In general, most folks went in the right direction, but, as Eliezer noted, were far too underconfident—evidently the result of an exorbitant level of trust in juries, at least in part. But people here were also widely making the same object-level mistake as (presumably) the jury: vastly overestimating the importance of “psychological” evidence, such as Knox’s inconsistencies at the police station, as compared to “physical” evidence (only Guédé′s DNA in the room).

One thing that was interesting and rather encouraging, however, is the amount of updating people did after reading others’ comments—most of it in the right direction (toward innocence).

[EDIT: After reading comments on this post, I have done some updating of my own. I now think I failed to adequately consider the possibility of my own overconfidence. This was pretty stupid of me, since it meant that the focus was taken away from the actual arguments in this post, and basically toward the issue of whether 0.001 can possibly be a rational estimate for anything you read about on the Internet. The qualitative reasoning of this post, of course, stands. Also, the focus of my accusations of irrationality was not primarily the LW community as reflected in my previous post; I actually think we did a pretty good job of coming to the right conclusion given the information provided—and as others have noted, the levelheadedness with which we did so was impressive.]

For most frequenters of this forum, where many of us regularly speak in terms of trying to save the human species from various global catastrophic risks, a case like this may not seem to have very many grand implications, beyond serving as yet another example of how basic principles of rationality such as Occam’s Razor are incredibly difficult for people to grasp on an intuitive level. But it does catch the attention of someone like me, who takes an interest in less-commonly-thought-about forms of human suffering.
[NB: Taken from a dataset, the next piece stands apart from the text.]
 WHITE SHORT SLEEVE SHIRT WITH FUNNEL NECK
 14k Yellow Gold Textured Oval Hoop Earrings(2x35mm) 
The next time I find myself discussing the “hard problem of consciousness”, thinking in vivid detail about the spectrum of human experience and wondering what it’s like to be a bat, I am going to remember—whether I say so or not—that there is most definitely something it’s like to be Amanda Knox in the moments following the announcement of that verdict: when you’ve just learned that, instead of heading back home to celebrate Christmas with your family as you had hoped, you will be spending the next decade or two—your twenties and thirties—in a prison cell in a foreign country. When your deceased friend’s relatives are watching with satisfaction as you are led, sobbing and wailing with desperation, to a van which will transport you back to that cell. (Ever thought about what that ride must be like?)

While we’re busy eliminating hunger, disease, and death itself, I hope we can also find the time, somewhere along the way, to get rid of that, too.

(The Associated Press reported that, apparently, Amanda had some trouble going to sleep after the midnight verdict.)

I’ll conclude with this: the noted mathematician Serge Lang was in the habit of giving his students “Huntington tests”—named in reference to his controversy with political scientist Samuel Huntington, whose entrance into the U.S. National Academy of Sciences Lang waged a successful campaign to block on the grounds of Huntington’s insufficient scientific rigor.

The purpose of the Huntington test, in Lang’s words, was to see if the students could “tell a fact from a hole in the ground”.

I’m thinking of adopting a similar practice, and calling my version the Amanda Knox Test.

Postscript: If you agree with me, and are also the sort of person who enjoys purchasing warm fuzzies separately from your utilons, you might consider donating to Amanda’s defense fund, to help out her financially devastated family. Of course, if you browse the site, you may feel your (prior) estimate of her guilt taking some hits; personally, that’s okay with me.